Il sindacato ha poi chiesto “controlli a tappeto sull’uso dei dispositivi di sicurezza, l’applicazione delle normative e dei giusti contratti che tutelano i lavoratori, un maggior numero di ispettori, una costante programmazione sul tema della prevenzione e della formazione rivolte sia ai lavoratori che ai datori di lavoro, un impegno comune tra le istituzioni e parti sociali per fermare la scia di sangue”.

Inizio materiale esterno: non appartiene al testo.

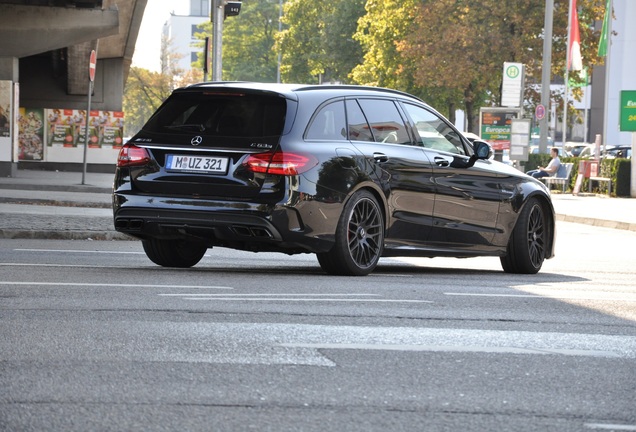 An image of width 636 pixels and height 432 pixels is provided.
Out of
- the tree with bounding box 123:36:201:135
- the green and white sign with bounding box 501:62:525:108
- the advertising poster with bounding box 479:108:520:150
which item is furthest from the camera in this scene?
the tree with bounding box 123:36:201:135

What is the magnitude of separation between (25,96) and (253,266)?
113 feet

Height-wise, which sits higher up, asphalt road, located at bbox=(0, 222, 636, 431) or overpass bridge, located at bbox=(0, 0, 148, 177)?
overpass bridge, located at bbox=(0, 0, 148, 177)

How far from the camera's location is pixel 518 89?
1604 inches

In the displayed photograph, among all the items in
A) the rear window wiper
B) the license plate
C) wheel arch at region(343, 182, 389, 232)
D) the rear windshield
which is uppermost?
the rear windshield

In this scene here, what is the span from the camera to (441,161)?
39.9 feet

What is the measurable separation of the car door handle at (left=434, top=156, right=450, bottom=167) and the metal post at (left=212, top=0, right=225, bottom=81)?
15.4 m

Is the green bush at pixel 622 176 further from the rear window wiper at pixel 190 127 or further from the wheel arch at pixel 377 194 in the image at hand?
the rear window wiper at pixel 190 127

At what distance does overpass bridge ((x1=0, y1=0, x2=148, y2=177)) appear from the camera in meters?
34.5

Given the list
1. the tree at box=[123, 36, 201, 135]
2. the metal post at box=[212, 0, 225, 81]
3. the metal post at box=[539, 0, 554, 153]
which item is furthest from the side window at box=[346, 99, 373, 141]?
the tree at box=[123, 36, 201, 135]

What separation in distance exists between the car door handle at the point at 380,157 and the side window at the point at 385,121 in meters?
0.26

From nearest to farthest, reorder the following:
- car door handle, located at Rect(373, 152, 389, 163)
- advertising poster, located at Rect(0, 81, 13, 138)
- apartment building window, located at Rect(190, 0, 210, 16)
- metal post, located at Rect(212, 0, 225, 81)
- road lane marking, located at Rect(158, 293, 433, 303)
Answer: road lane marking, located at Rect(158, 293, 433, 303), car door handle, located at Rect(373, 152, 389, 163), metal post, located at Rect(212, 0, 225, 81), advertising poster, located at Rect(0, 81, 13, 138), apartment building window, located at Rect(190, 0, 210, 16)

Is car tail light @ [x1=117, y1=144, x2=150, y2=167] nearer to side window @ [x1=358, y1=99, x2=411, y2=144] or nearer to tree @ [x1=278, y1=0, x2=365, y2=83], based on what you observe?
side window @ [x1=358, y1=99, x2=411, y2=144]

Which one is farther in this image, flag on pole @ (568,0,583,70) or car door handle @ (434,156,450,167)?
flag on pole @ (568,0,583,70)

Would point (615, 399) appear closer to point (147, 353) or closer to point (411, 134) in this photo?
point (147, 353) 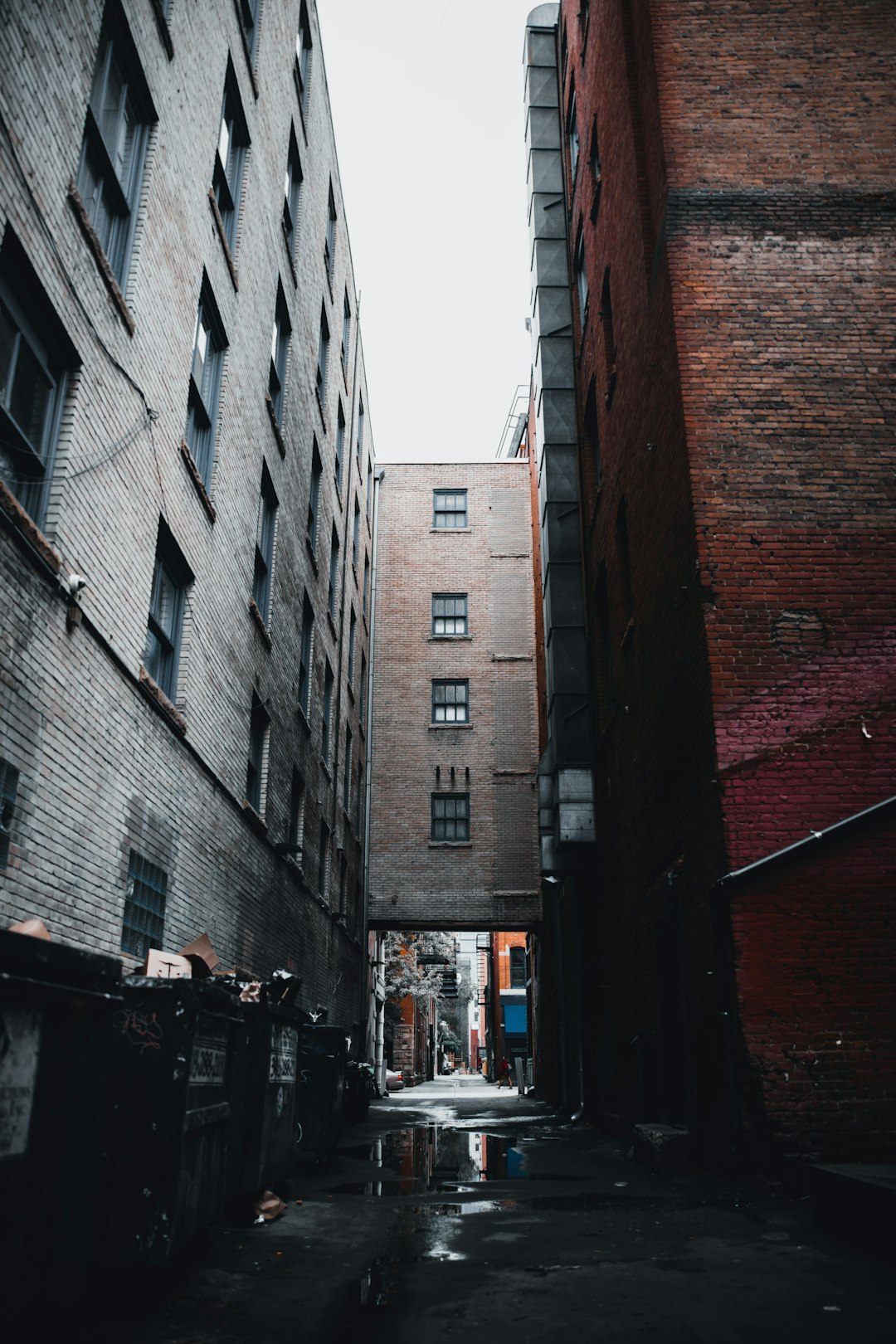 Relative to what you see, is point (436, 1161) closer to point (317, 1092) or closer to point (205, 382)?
point (317, 1092)

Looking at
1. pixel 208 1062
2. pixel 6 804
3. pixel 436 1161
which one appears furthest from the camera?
pixel 436 1161

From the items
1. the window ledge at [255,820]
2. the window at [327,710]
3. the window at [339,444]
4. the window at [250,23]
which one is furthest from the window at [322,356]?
the window ledge at [255,820]

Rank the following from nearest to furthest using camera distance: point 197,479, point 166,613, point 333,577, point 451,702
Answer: point 166,613, point 197,479, point 333,577, point 451,702

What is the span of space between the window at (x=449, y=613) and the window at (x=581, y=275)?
12.8 meters

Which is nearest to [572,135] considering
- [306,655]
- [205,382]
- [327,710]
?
[306,655]

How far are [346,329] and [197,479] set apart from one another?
54.6 ft

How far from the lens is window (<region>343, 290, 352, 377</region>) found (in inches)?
998

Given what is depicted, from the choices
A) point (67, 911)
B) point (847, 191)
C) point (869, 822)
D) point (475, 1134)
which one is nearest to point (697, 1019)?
point (869, 822)

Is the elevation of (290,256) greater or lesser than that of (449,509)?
lesser

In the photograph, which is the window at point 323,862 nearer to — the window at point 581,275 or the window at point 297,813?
the window at point 297,813

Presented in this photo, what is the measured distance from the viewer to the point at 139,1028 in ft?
15.7

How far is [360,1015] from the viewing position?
26641 millimetres

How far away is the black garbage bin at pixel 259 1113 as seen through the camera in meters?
6.63

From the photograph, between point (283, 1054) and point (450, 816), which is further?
point (450, 816) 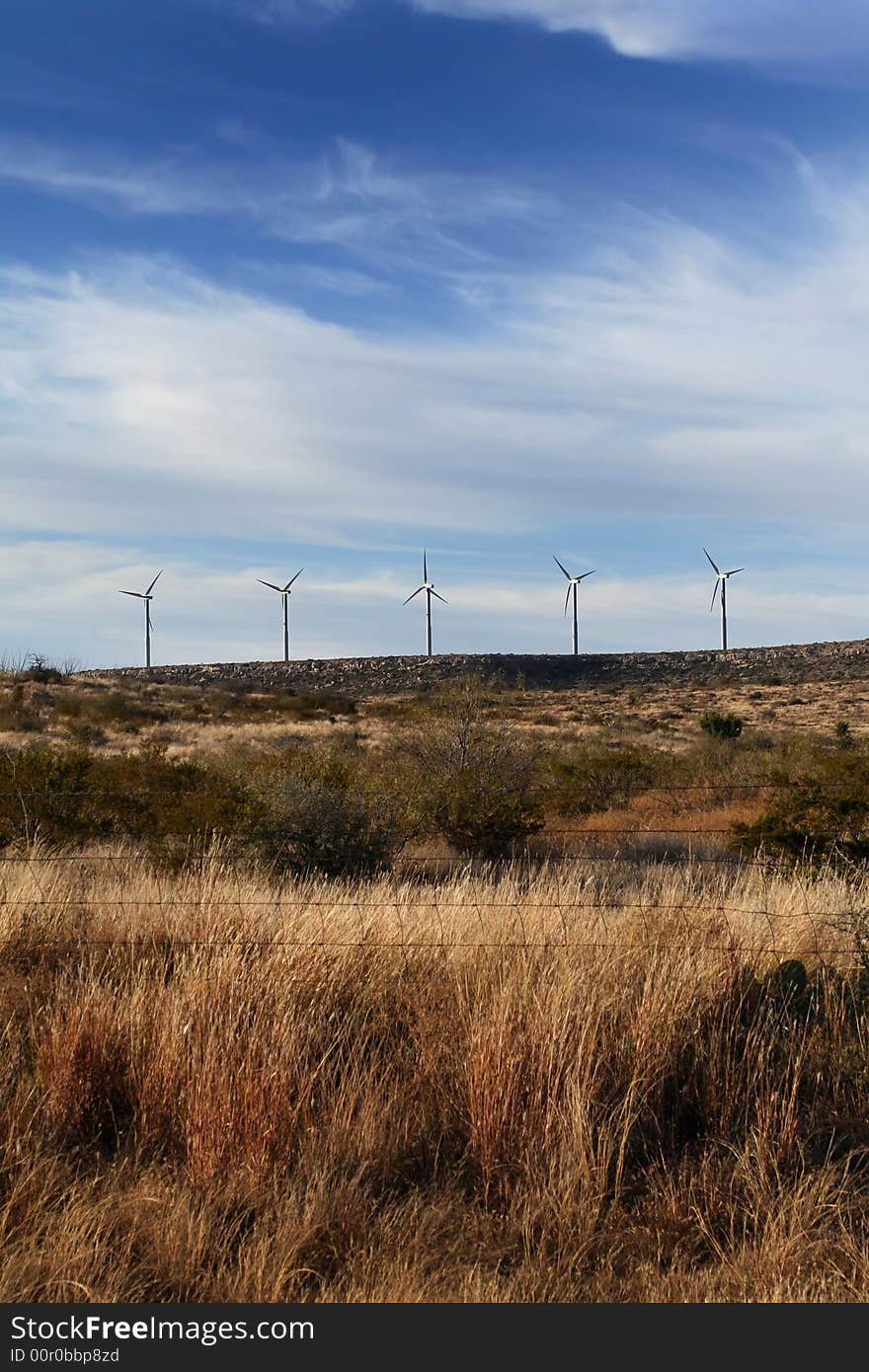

Anche la segretaria generale della Uil Sicilia, Luisella Lionti, esprime cordoglio per la “terribile tragedia” che rappresenta la “ennesima drammatica conferma di quanto la sicurezza nei luoghi di lavoro continui a essere una vera emergenza nazionale”. È “inaccettabile che si possa morire mentre si lavora – ha aggiunto Lionti – Ogni vita spezzata è una ferita per tutti noi e un richiamo alla responsabilità di istituzioni e imprese. Bisogna investire in prevenzione, formazione e controlli continui, perché dietro ogni numero ci sono persone e famiglie”.